#News Crawler
Scrapy crawler to Scrap news articles.
- MongoDB
The crawler uses MongoDB to store crawled data. I have used https://www.mongodb.com/cloud/atlas to store the documents. You can create it for free.
Change the following piece of code in settings.py with your mongo db credentials:
MONGODB_USERNAME = urllib.parse.quote_plus(
get_ssm_parameter('MONGODB_USERNAME'))
MONGODB_PWD = urllib.parse.quote_plus(
get_ssm_parameter('MONGODB_PWD',
with_decryption=True))
MONGODB_URI = f"mongodb+srv://{MONGODB_USERNAME}:{MONGODB_PWD}" \
f"@news-scraper.a2rmv.mongodb.net/" \
f"ary_news?retryWrites=true&w=majority"
MONGODB_DB = 'ary_news'
if you are running the application locally, comment out the following code in settings.py
ssm = boto3.client('ssm', region_name='us-east-1')
def get_ssm_parameter(name: str, with_decryption=False) -> str:
try:
response = ssm.get_parameter(
Name=name,
WithDecryption=with_decryption)
parameter = response['Parameter']['Value']

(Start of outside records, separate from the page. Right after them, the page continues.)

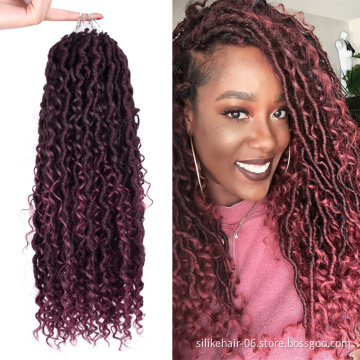 Crochet hair with Curly Ends River Locs New Boho Goddess Locs Crochet Hair 18 inch Hippie Faux Locs Wavy Crochet Curly Hair
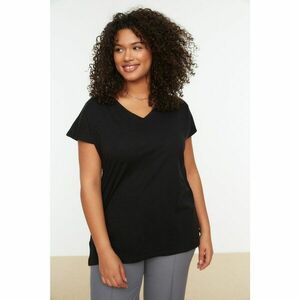 Trendyol Curve Black V-Neck Slit Basic Knitted T-Shirt kép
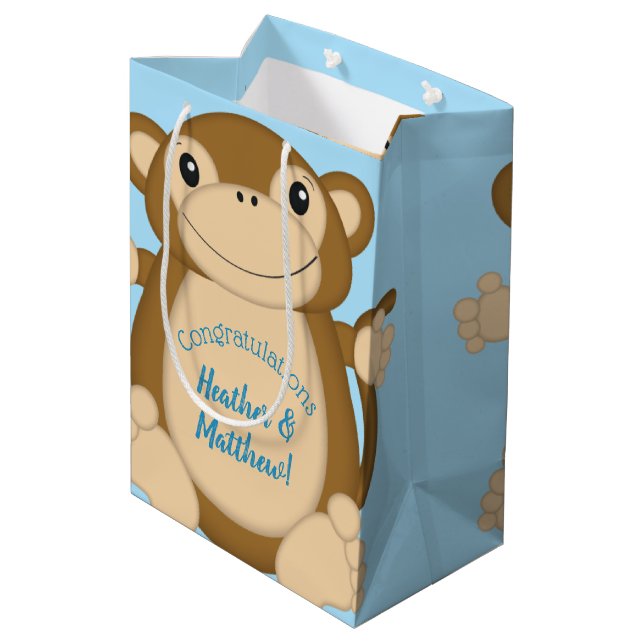 Monkey Baby Shower Blue Medium Gift Bag (Back Angled)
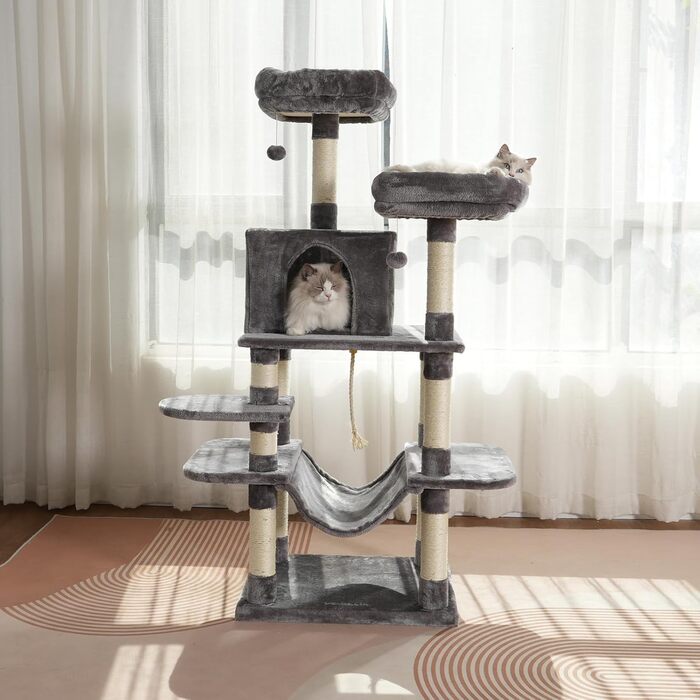 Велика когтеточка для котів 150 см XXL, надміцна, для важких котів, натуральний сизаль, товстий плюш, якісна ДСП, 150x96x62 см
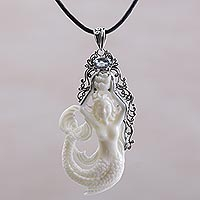 Featured review for Blue topaz and bone pendant necklace, Mermaid Fantasy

except ClientError as error:
print(error.response['Error']['Code'])
raise
return parameter
To run locally:
- Create virtual env of python 3.6
pyenv virtualenv 3.6.1 <your-virtual-env>
export PYTHONPATH=/path/to/news_crawler
make run-local ds=YYYY-MM-dd
If make run-local ds=YYY-MM-DD
fails, do make clean
and then run it again.
The results will be crawled and posted to mongodb database
Crawler would scrap all the news articles posted on ds